INPUT MATERIAL>

______

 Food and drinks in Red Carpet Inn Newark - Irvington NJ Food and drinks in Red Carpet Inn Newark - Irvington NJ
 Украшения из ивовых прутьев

______

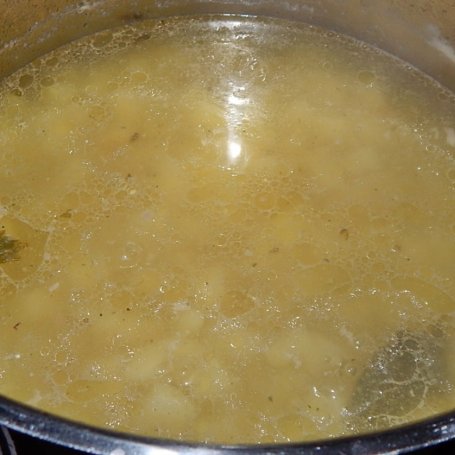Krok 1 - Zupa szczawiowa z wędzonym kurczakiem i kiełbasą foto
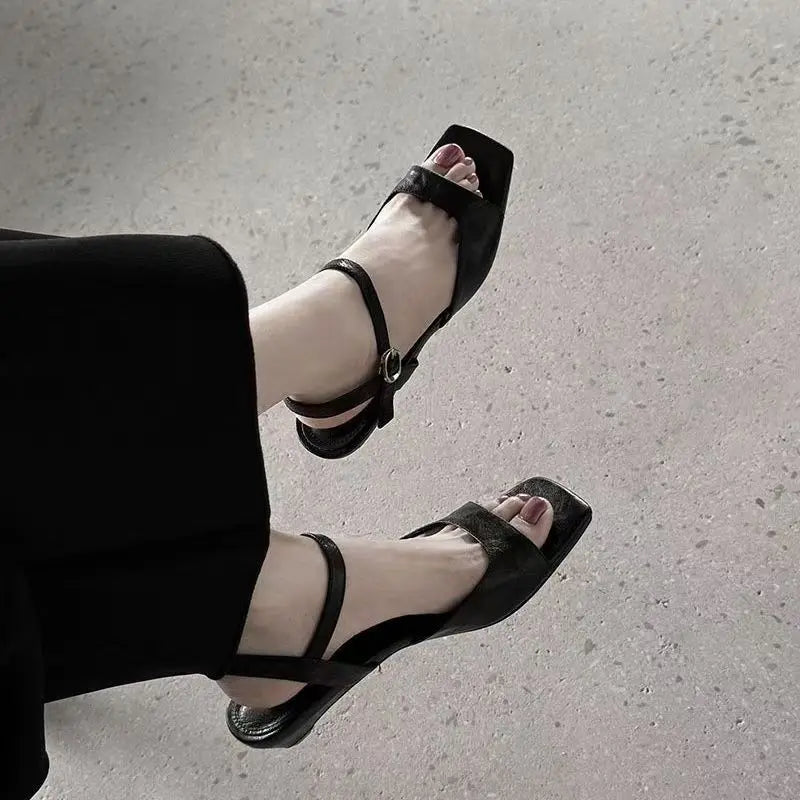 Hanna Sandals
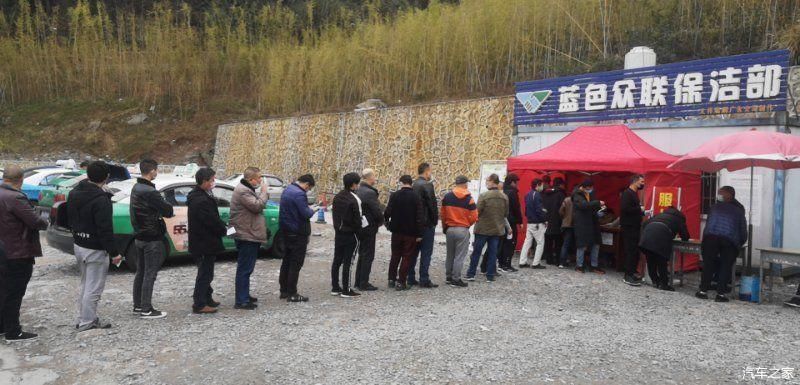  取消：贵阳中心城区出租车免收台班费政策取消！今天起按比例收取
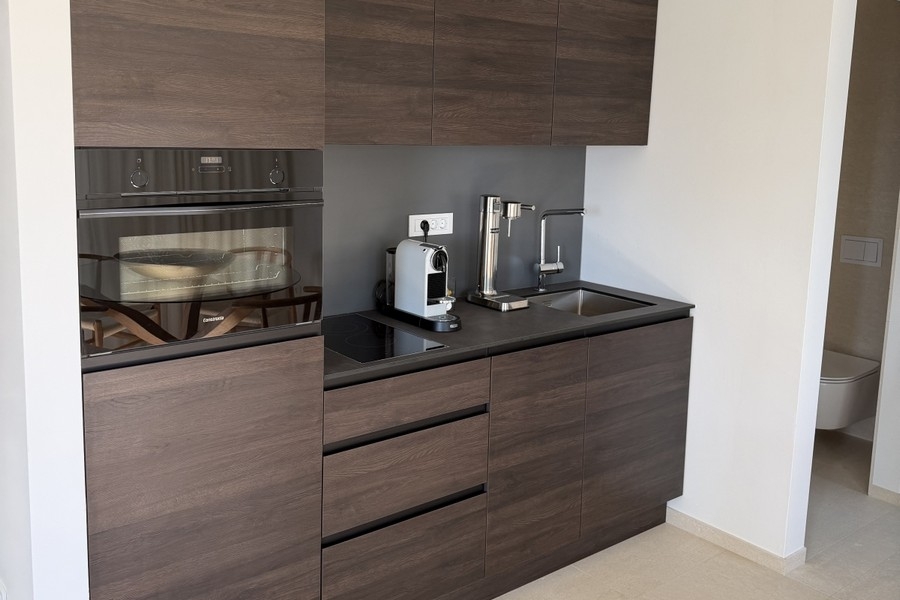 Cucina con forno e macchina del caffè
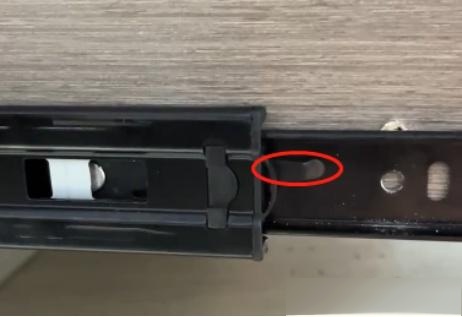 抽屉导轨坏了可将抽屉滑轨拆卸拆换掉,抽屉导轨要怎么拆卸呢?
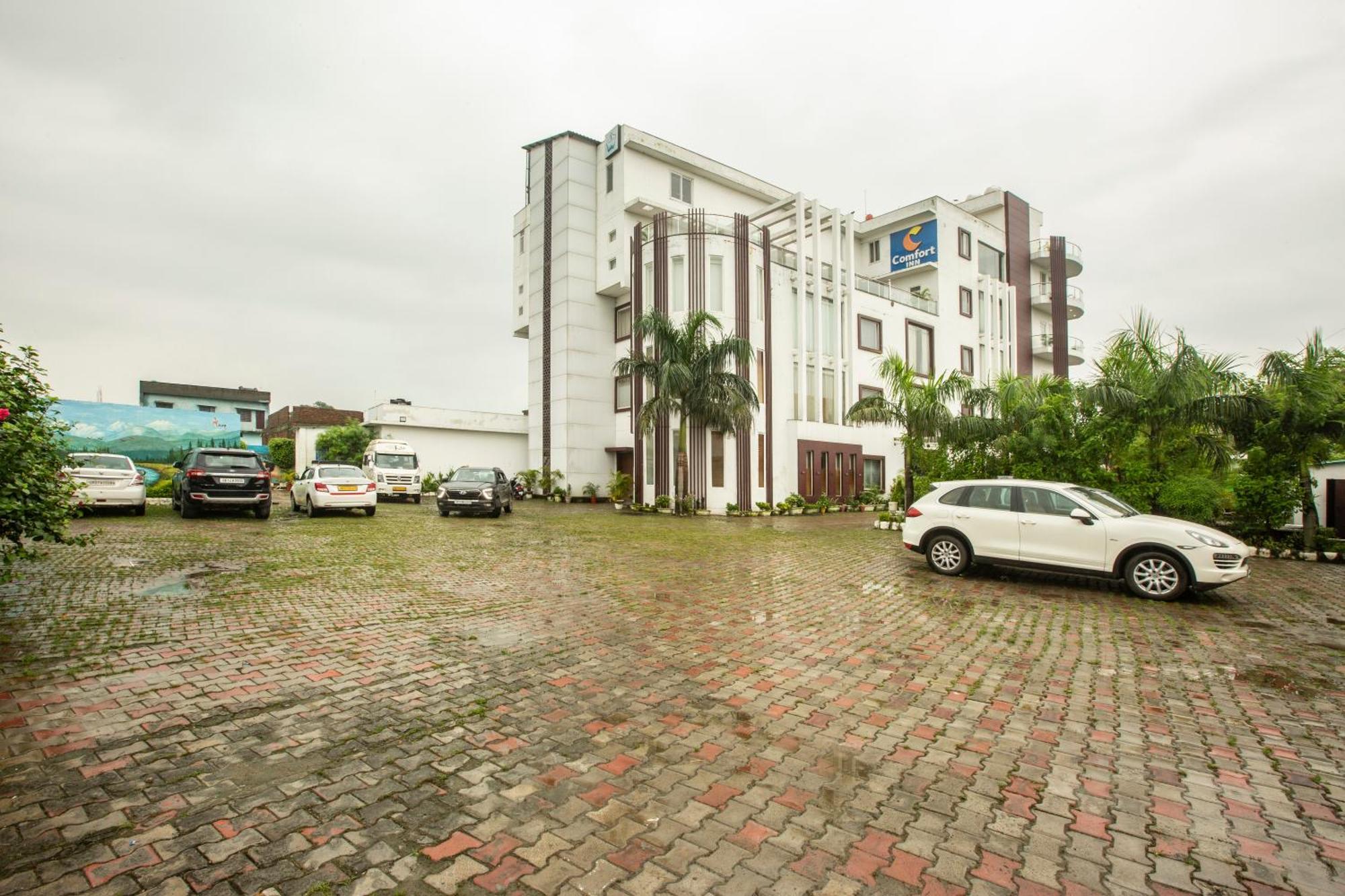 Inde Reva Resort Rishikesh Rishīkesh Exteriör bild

______

BRIEF>
What is wanted is an exact copy of the lines above from the one containing "Hanna Sandals" through the one containing "Inde Reva Resort", with no pictures in it.

RESULT OF THIS TASK>
 Hanna Sandals
  取消：贵阳中心城区出租车免收台班费政策取消！今天起按比例收取
 Cucina con forno e macchina del caffè
 抽屉导轨坏了可将抽屉滑轨拆卸拆换掉,抽屉导轨要怎么拆卸呢?
 Inde Reva Resort Rishikesh Rishīkesh Exteriör bild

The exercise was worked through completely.